> _WHAT YOU HAVE TO DO_: Give back, character for character, the line that includes "石焼ビビンパ(韓国家庭料理 サムギョプサル専門店 金ちゃん)" and all lines beneath it in the data.
________________________
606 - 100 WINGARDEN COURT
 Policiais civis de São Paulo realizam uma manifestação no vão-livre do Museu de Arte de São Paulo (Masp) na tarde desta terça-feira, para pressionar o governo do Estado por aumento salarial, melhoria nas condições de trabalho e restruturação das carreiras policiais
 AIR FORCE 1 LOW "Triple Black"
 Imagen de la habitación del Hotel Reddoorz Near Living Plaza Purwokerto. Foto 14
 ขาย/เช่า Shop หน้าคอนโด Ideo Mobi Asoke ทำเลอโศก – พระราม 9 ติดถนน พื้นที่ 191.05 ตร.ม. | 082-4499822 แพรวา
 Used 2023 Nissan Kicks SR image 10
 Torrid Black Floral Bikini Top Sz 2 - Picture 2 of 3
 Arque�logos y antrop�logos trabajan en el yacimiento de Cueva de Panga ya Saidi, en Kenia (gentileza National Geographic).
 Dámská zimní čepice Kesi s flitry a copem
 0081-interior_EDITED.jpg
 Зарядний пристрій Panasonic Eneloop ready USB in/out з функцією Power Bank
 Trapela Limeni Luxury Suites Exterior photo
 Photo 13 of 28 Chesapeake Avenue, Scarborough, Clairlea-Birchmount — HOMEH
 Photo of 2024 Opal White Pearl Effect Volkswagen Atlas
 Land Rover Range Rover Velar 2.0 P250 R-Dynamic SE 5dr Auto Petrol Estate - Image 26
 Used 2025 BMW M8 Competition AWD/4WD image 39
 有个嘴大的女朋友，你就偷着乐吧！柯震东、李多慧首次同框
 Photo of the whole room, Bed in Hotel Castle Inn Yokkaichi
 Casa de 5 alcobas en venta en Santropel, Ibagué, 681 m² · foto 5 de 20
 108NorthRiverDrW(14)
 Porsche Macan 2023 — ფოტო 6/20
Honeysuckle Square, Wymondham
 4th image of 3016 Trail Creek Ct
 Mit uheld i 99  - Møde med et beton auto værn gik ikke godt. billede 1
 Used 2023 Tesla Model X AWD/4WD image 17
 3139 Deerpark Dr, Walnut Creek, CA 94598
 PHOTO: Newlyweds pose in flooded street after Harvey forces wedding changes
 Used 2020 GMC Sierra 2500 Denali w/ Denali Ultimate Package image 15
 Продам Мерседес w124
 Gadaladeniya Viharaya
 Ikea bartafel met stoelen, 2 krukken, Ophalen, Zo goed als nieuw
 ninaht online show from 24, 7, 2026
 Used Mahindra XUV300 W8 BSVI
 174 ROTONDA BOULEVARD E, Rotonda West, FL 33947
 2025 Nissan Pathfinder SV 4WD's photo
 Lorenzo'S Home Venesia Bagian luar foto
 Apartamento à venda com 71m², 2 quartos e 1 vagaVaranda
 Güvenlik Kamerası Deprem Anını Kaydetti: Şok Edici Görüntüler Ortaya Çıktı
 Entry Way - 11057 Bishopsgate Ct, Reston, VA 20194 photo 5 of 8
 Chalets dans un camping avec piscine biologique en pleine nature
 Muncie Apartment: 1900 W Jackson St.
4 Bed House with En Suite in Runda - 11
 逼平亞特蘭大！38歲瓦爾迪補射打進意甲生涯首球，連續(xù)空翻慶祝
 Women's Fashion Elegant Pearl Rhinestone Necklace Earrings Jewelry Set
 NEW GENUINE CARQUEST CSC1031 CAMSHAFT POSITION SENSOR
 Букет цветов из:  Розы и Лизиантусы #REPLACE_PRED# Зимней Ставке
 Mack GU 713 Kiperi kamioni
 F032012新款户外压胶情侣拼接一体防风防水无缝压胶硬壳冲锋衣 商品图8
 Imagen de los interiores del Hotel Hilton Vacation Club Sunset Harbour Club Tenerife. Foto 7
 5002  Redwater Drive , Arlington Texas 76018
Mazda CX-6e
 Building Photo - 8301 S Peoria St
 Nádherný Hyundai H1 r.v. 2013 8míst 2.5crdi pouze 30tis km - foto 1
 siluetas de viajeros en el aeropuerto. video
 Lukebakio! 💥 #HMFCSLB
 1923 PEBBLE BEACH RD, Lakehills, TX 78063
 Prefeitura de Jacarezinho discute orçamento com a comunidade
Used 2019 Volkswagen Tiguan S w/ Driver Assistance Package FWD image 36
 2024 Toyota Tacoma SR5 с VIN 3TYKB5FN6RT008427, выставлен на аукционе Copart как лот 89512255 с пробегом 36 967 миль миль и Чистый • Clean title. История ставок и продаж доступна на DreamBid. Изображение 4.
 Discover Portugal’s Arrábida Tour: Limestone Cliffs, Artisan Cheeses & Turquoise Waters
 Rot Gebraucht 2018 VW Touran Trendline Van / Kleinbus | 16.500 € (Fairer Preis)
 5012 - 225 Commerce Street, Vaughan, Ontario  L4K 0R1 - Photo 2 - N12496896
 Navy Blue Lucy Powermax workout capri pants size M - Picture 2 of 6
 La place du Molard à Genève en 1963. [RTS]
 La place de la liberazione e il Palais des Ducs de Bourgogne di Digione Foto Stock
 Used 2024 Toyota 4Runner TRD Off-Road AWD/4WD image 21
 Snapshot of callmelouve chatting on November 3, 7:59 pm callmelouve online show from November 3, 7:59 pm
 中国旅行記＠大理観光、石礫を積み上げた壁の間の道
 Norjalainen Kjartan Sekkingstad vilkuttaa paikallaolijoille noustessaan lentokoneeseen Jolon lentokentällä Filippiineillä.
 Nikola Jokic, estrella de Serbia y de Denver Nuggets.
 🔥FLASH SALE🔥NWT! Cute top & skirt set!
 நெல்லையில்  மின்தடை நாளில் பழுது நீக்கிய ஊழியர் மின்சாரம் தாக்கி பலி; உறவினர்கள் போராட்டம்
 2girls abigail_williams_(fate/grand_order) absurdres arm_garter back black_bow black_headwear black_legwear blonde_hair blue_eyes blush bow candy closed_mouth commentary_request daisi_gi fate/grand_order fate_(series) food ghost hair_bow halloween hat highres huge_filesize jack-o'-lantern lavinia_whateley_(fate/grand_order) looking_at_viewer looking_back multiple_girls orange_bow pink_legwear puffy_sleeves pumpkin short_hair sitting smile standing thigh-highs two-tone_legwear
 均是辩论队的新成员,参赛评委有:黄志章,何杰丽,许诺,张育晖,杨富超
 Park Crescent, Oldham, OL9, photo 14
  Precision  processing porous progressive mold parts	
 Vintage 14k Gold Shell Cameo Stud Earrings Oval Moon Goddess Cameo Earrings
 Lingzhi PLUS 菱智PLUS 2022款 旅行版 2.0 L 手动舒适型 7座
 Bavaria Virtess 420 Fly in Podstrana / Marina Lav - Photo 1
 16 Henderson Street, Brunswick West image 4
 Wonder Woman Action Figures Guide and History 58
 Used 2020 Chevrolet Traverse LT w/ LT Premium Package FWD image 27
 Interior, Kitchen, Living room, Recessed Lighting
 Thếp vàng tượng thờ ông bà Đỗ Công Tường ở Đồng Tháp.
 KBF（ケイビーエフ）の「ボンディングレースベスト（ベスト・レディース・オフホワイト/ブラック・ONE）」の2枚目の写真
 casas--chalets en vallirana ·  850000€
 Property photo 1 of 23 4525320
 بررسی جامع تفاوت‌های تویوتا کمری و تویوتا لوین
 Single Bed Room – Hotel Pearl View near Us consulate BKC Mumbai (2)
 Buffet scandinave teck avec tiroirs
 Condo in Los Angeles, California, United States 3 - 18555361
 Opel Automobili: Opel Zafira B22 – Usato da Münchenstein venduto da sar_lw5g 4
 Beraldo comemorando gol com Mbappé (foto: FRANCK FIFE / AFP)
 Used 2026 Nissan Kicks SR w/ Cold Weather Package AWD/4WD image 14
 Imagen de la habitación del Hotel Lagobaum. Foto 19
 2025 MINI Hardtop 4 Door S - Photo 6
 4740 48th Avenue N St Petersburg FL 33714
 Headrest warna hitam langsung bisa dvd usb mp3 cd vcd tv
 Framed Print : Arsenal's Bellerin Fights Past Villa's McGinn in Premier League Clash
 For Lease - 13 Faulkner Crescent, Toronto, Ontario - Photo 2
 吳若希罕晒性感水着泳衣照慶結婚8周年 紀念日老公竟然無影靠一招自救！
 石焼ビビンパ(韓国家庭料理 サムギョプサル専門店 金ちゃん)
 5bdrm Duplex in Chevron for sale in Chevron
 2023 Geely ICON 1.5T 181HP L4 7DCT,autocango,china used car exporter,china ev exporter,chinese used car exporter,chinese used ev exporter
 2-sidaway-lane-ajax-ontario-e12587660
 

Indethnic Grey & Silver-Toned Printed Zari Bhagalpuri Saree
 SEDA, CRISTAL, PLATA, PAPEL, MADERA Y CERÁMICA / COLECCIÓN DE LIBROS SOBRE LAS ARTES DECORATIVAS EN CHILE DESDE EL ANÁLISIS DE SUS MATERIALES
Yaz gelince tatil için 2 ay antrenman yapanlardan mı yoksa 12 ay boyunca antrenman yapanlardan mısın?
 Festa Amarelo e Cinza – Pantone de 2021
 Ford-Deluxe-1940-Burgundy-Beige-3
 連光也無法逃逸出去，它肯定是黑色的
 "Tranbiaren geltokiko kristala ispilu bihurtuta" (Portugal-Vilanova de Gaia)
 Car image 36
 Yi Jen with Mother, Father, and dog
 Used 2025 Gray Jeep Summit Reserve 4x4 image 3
________________________
> _PROBLEM SOLUTION_:
 石焼ビビンパ(韓国家庭料理 サムギョプサル専門店 金ちゃん)
 5bdrm Duplex in Chevron for sale in Chevron
 2023 Geely ICON 1.5T 181HP L4 7DCT,autocango,china used car exporter,china ev exporter,chinese used car exporter,chinese used ev exporter
 2-sidaway-lane-ajax-ontario-e12587660
 

Indethnic Grey & Silver-Toned Printed Zari Bhagalpuri Saree
 SEDA, CRISTAL, PLATA, PAPEL, MADERA Y CERÁMICA / COLECCIÓN DE LIBROS SOBRE LAS ARTES DECORATIVAS EN CHILE DESDE EL ANÁLISIS DE SUS MATERIALES
Yaz gelince tatil için 2 ay antrenman yapanlardan mı yoksa 12 ay boyunca antrenman yapanlardan mısın?
 Festa Amarelo e Cinza – Pantone de 2021
 Ford-Deluxe-1940-Burgundy-Beige-3
 連光也無法逃逸出去，它肯定是黑色的
 "Tranbiaren geltokiko kristala ispilu bihurtuta" (Portugal-Vilanova de Gaia)
 Car image 36
 Yi Jen with Mother, Father, and dog
 Used 2025 Gray Jeep Summit Reserve 4x4 image 3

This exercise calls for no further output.